NVIDIA and AWS Deepen Partnership, G7 Instances Deliver 4.6x Inference Performance Boost
Alina Collins
NVIDIA and AWS announced a three-layer AI infrastructure upgrade on June 23 — inference compute, vector search, and large-scale training — aimed at moving enterprise AI projects into production faster and cheaper.
What makes the new G7 instances a big deal?
AWS launched EC2 G7 instances powered by NVIDIA's RTX PRO 4500 Blackwell Server Edition GPUs. Compared with the previous G6, G7 delivers up to 4.6× AI inference performance and up to 2.1× graphics performance.
This means → the same cloud bill buys several times more inference throughput — a direct cost lever for companies moving AI from the lab into live products.

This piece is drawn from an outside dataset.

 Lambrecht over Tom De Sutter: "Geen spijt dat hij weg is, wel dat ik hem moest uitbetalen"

Each G7 instance supports up to 8 GPUs, 256 GB total GPU memory, 700 Gbps EFA network bandwidth, and 7.6 TB local NVMe SSD storage, with 1/2/4/8-GPU configurations available and bare-metal support coming soon.

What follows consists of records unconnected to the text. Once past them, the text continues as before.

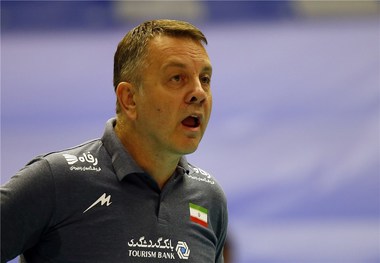 کولاکوویچ: بازیکنانم امروز نمایش خوبی داشتند/ فردا روز بزرگی برای ماست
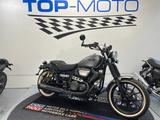 Yamaha XV 950 R XVS 950 R Akrapovic vorverl.Fußrasten - YAMAHA XV 950 R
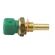 Sensor Temp. de Água MTE 4059 Peugeot 306, 806 - Cód.10265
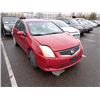 Image 2 : 2010 Nissan Sentra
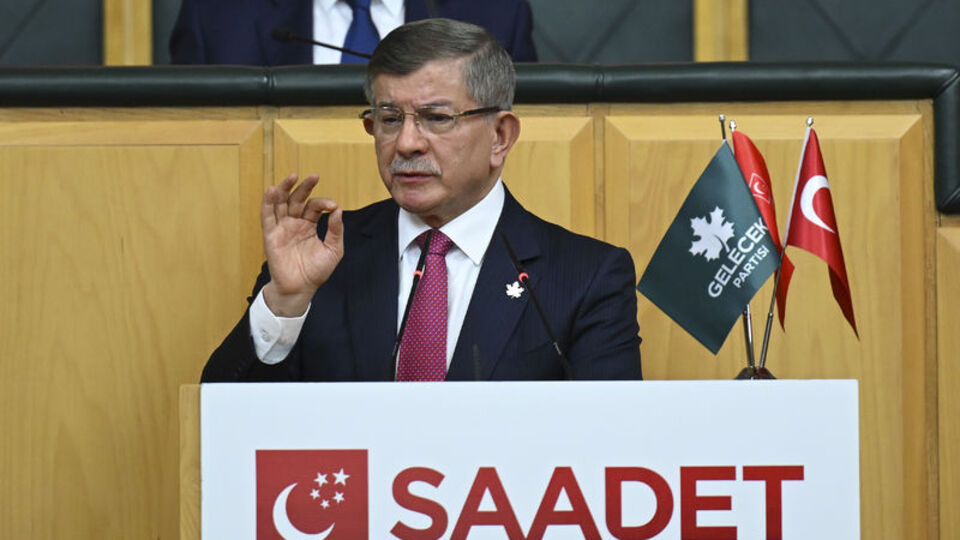 Saadet ve Gelecek'ten 100 yerde işbirliği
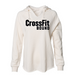 Womens Small Bone Style_Hoodie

A billion-scale vector database built in under an hour?
AWS made GPU-accelerated vector indexing the default option for Amazon OpenSearch Serverless, powered by NVIDIA cuVS — a GPU library purpose-built for vector search.
Compared with CPU-only approaches, vector indexing is up to 10× faster at one-quarter the cost. A billion-scale vector database can be built within one hour.

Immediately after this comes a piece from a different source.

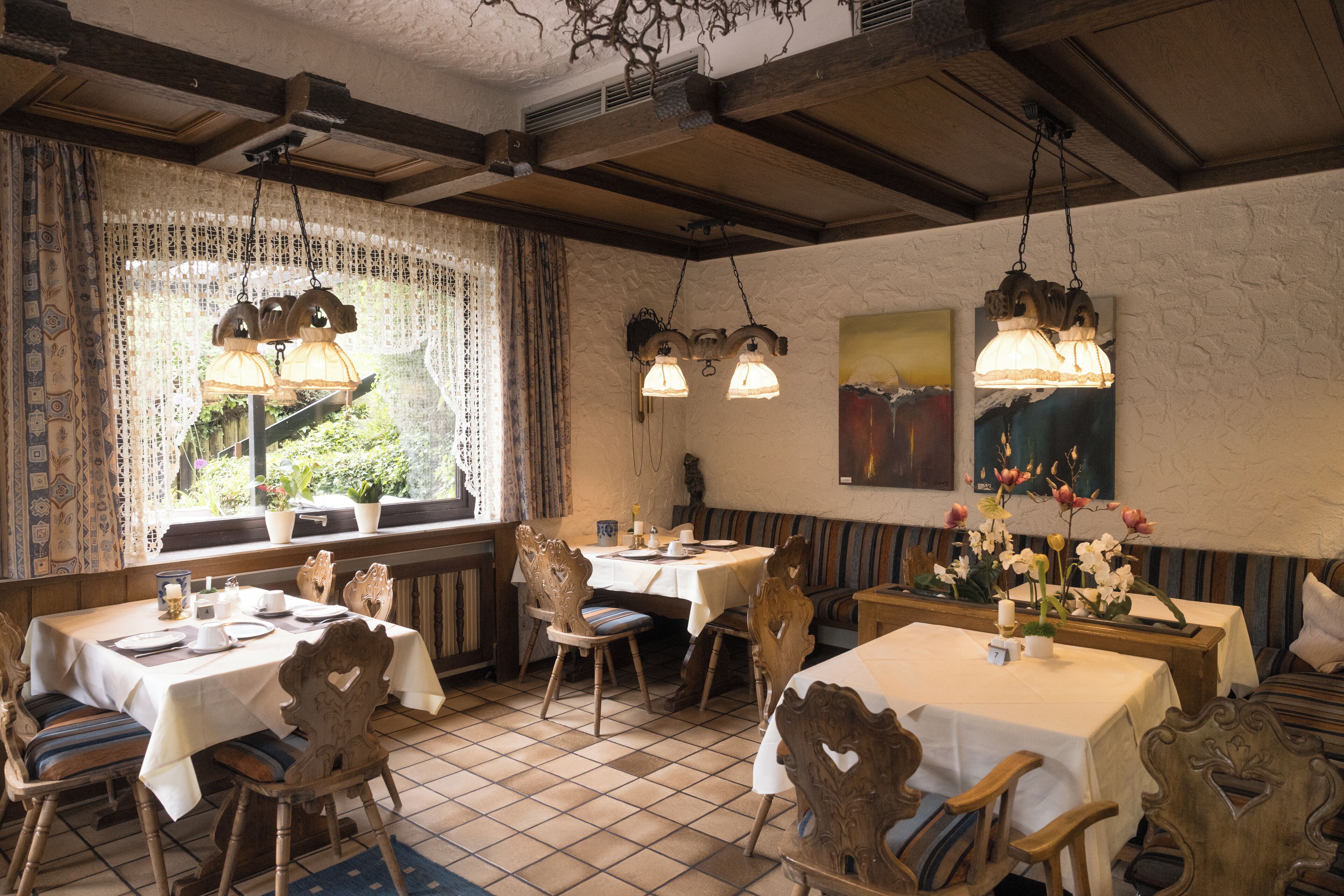 Restaurante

In plain terms = for agentic AI, RAG — retrieval-augmented generation, where a model looks up information before answering — and semantic search, the slowest step (building the index) just got dramatically shorter, and it's on by default with no extra setup.
What does "Exemplar Cloud" certification actually mean?
On the training side, AWS earned NVIDIA's "Exemplar Cloud" certification for GB300.
This means → NVIDIA ran its own reference-architecture benchmarks and confirmed that AWS infrastructure meets the performance bar — effectively issuing a "performance certificate" for large-scale training workloads.
For enterprise customers, this is a quantifiable performance guarantee: large-model training on AWS will not fall below NVIDIA's published baseline.
Three layers at once — what does it mean for enterprises?
Inference (G7 instances) + retrieval (cuVS acceleration) + training (Exemplar Cloud certification) landing simultaneously means enterprises building AI on AWS now have NVIDIA acceleration across the full pipeline — from data retrieval to model inference to model training.
This reflects a shift in how cloud providers and chip makers partner: from "selling individual GPUs" to "selling a complete AI production line" — locking enterprises into one platform for the entire workflow.
The real uncertainty is G7's actual pricing and cuVS's stability in production environments. The performance numbers look strong, but enterprises ultimately run a total-cost calculation.
Content is for reference only, not financial advice.